- What is being asked -
Output the data verbatim, minus the images.

- Supplied material -

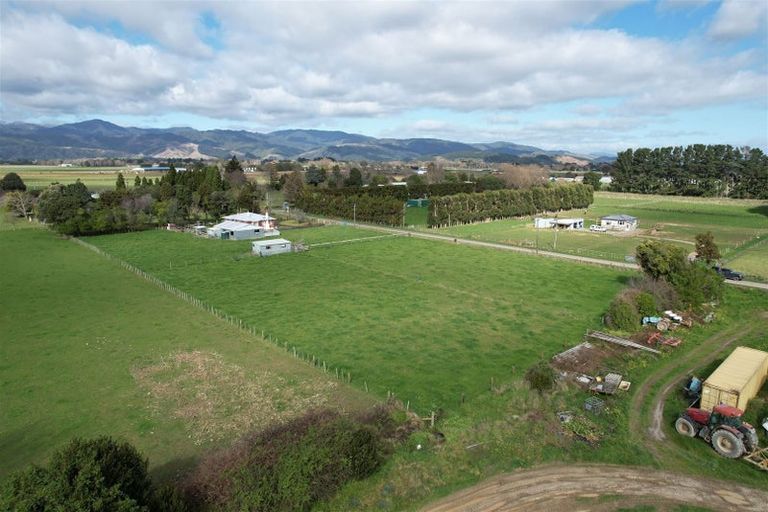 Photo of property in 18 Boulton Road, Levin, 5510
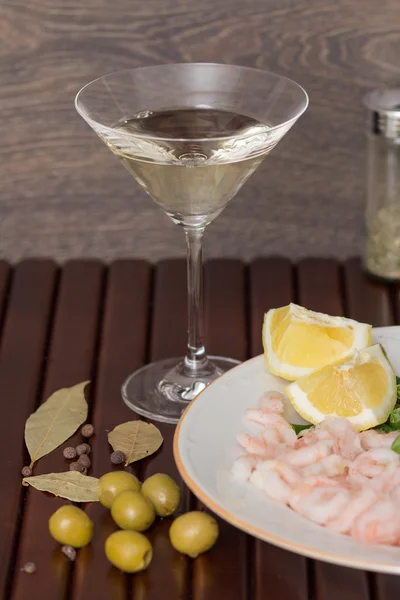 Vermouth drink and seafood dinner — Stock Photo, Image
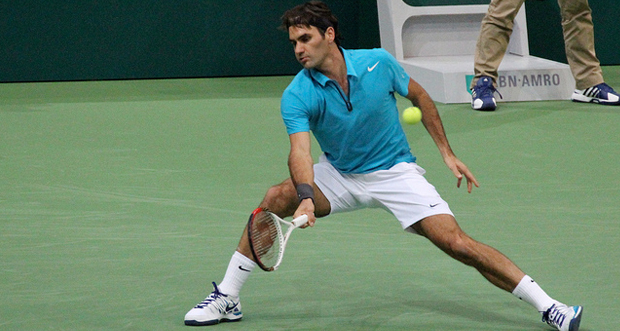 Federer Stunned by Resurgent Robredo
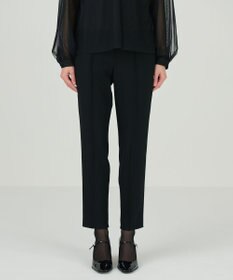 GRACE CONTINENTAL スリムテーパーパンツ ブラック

- Solution to this problem -
 Photo of property in 18 Boulton Road, Levin, 5510
 Vermouth drink and seafood dinner — Stock Photo, Image
 Federer Stunned by Resurgent Robredo
 GRACE CONTINENTAL スリムテーパーパンツ ブラック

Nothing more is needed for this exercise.